▶ _PROVIDED DATA_:

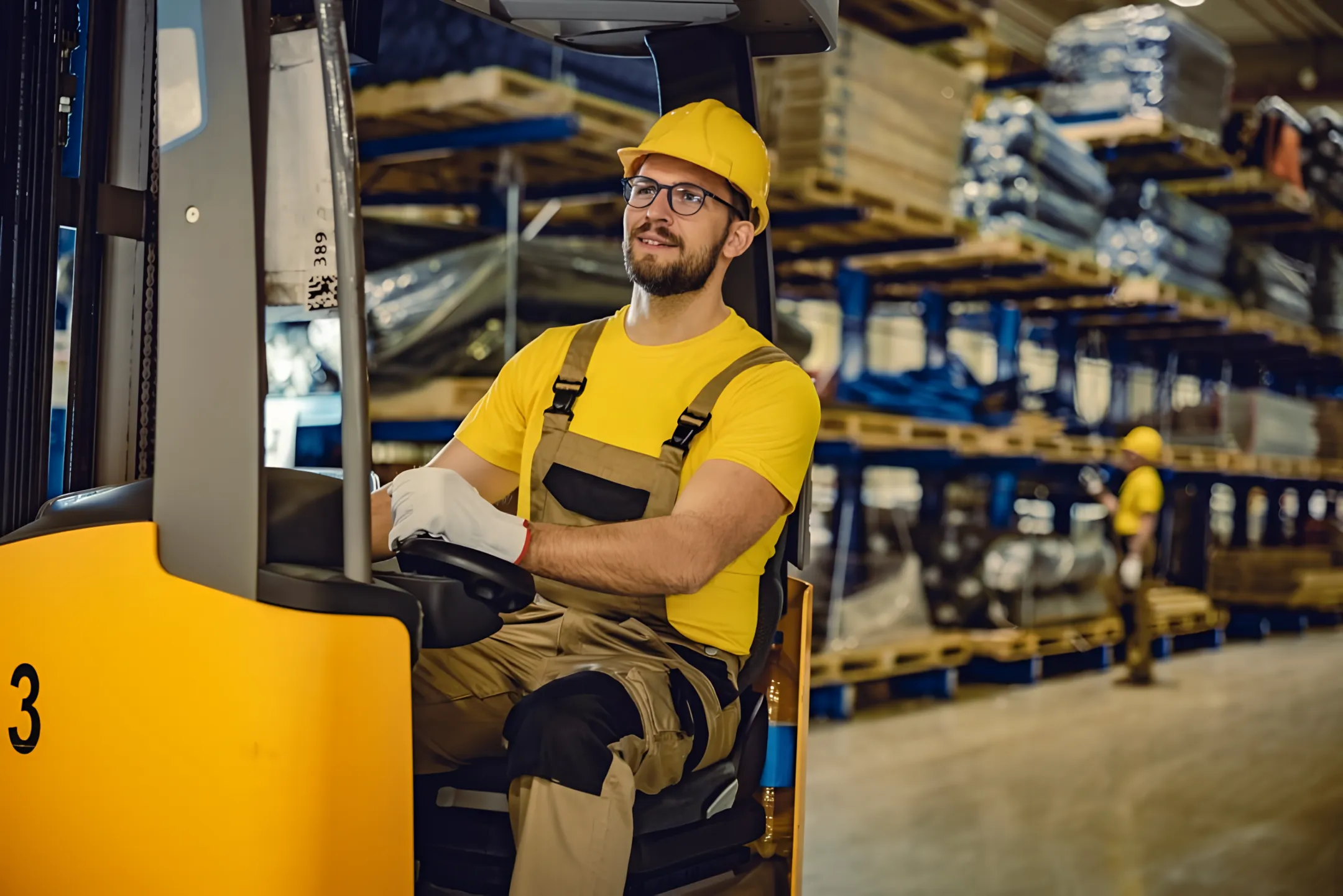 Warehouse operations using forklifts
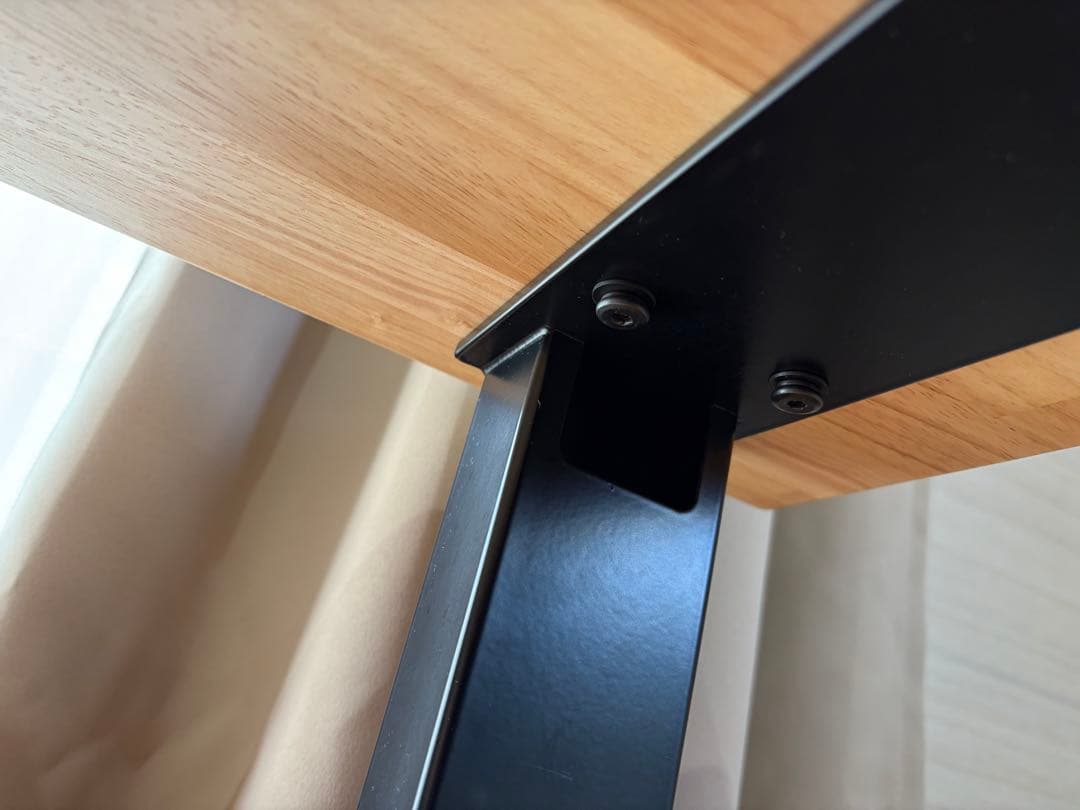 THE TABLE / ラバーウッド ナチュラル × Black Steel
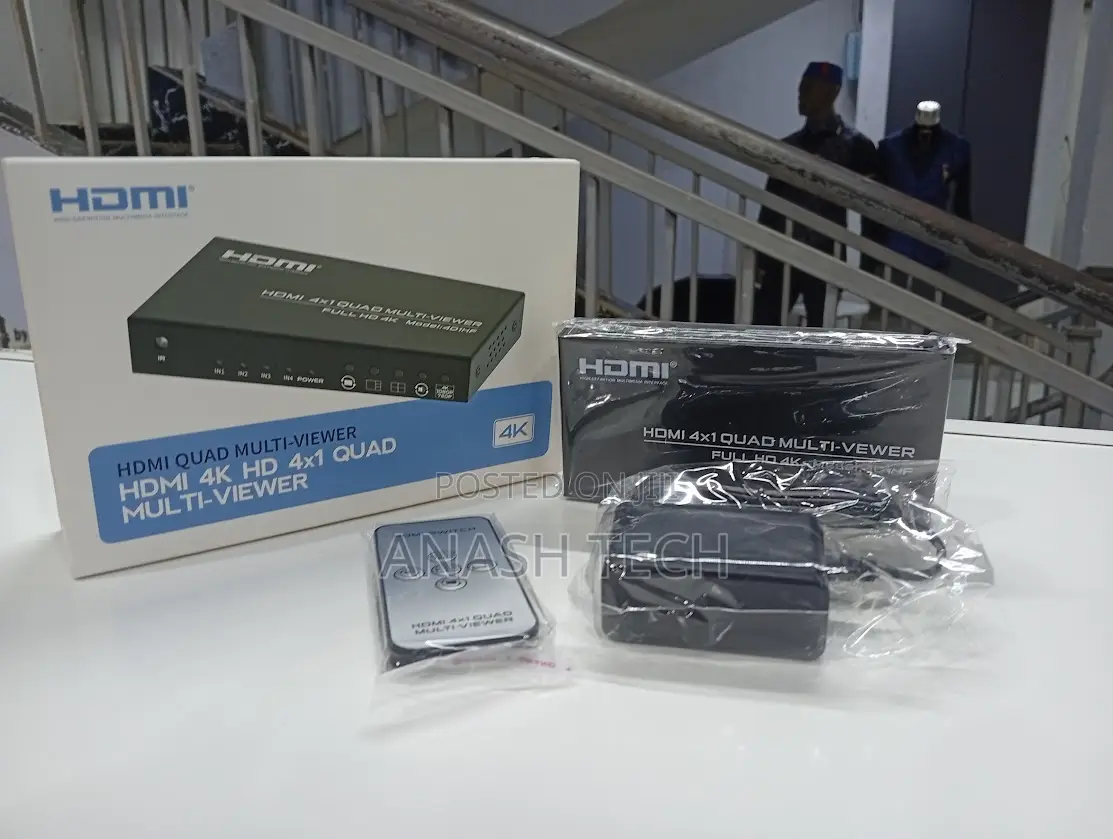 Hdmi Video Splitter Quad Multi-Viewer 4 in 1 Out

▶ _ACTION ITEM_: Write out the material exactly as it stands, omitting every picture.

▶ _ANSWER TO THE PROBLEM_:
 Warehouse operations using forklifts
 THE TABLE / ラバーウッド ナチュラル × Black Steel
 Hdmi Video Splitter Quad Multi-Viewer 4 in 1 Out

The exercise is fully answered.